So 30. Jul 13:36:10 CEST 2017
(Just to point out, that the manually started scrub finished ‘long’ time ago.)

btrfs fi df /mnt2/DATA/

Data, RAID1: total=4.49TiB, used=4.43TiB
System, RAID1: total=64.00MiB, used=736.00KiB
Metadata, RAID1: total=6.00GiB, used=4.74GiB
GlobalReserve, single: total=512.00MiB, used=0.00B

btrfs fi du -s /mnt2/DATA/
 Total   Exclusive  Set shared  Filename
4.43TiB 4.43TiB 0.00B /mnt2/DATA/

BTW: I started a scrub on my BACKUP pool without ‘Force’ option and it works just fine.

Sorry, that I am not more of a help. I did perl programming for OTRS for some years, but python is completely new to me.

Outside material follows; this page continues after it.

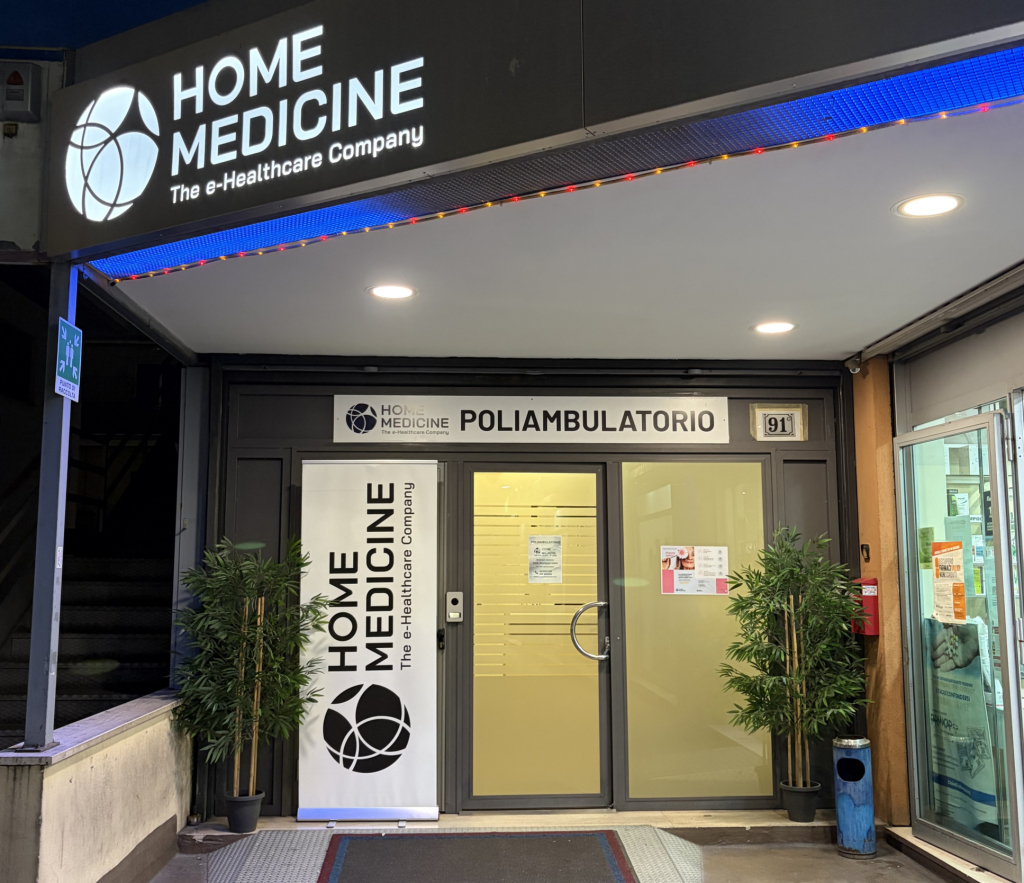 Ingresso del poliambulatorio Home Medicine di Roma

phillxnet · August 6, 2017, 8:17pm

@Christian_Rost

Thanks for the outputs. Just to let you know that I have now opened an issue and made some progress on at least one cause of this bug. I hope to track down the other (the ‘force’ option lacking the essence of it’s name) as part of the same issue but may have to break that out into another:

github.com/rockstor/rockstor-core

improve scrub status reporting resolution

opened 12:28PM - 06 Aug 17 UTC

closed 11:22PM - 08 Aug 17 UTC

phillxnet

enhancement

Thanks to arbrick, Christian_Rost and Dragon2611 in the following forum threads …for highlighting this issue. On closer inspection it appears that the existing scrub_status() mechanism can inadvertently report as running a prior interrupted scrub. It is thought that this may, in part, be responsible for the referenced reports. - [x] fix portability bug in fs unit tests. Fixes #1787 - [x] Add unit tests to account for current expected behaviour of scrub_status(). - [x] Add unit test to indicate current suspected false positive for 'running' status on 'interrupted' scrubs. - [x] improve scrub status reporting resolution to include 'interrupted'. Forum threads respectively: https://forum.rockstor.com/t/scrub-fails-to-end-fails-to-restart-after-shutdown/2769 https://forum.rockstor.com/t/scrub-wont-start-unfinished-job-in-history-table/3588 https://forum.rockstor.com/t/scheduled-scrub-not-running/3608

phillxnet · August 7, 2017, 7:23pm

@Christian_Rost and @Dragon2611 from:

As per:

I ended up breaking that issue out on it’s own:

github.com/rockstor/rockstor-core

regression in 'force' option - scrub and balance

opened 05:44PM - 07 Aug 17 UTC

closed 11:25PM - 08 Aug 17 UTC

phillxnet

bug

Thanks to forum members arbrick, Christian_Rost and Dragon2611 for helping to br…ing this bug to light. The intention with the force option for scrubs and balances is two fold: 1. change the status of the last listed job (if currently 'started' or 'running') to 'terminated'. 2. pass the -f option to the respective btrfs commands and monitor this under a new job. It is surmised that a recent Django or related update altered the requirement by which the existing 'force' option was passed from the Web-UI front end to the backend balance/scrub command wrappers. The result was that the force option was ineffectual in both 1. and 2. above. However in the case of a scrub there existed an additional bug that prevented 2. above. This is also fixed in the pr to be associated with this issue. Tasks addressed by the pending pr: - [x] Fix 'force' UI option transition to backend - scrub/balance - [x] Fix -f addition to scrub command with force option. Please update the following forum threads with the resolution of this issue: https://forum.rockstor.com/t/scrub-fails-to-end-fails-to-restart-after-shutdown/2769 https://forum.rockstor.com/t/scrub-wont-start-unfinished-job-in-history-table/3588 https://forum.rockstor.com/t/scheduled-scrub-not-running/3608

and both these issues now have associated pull requests so upon the review process going as hoped these fixes should be in place in the testing channel updates soon.

Hope that helps.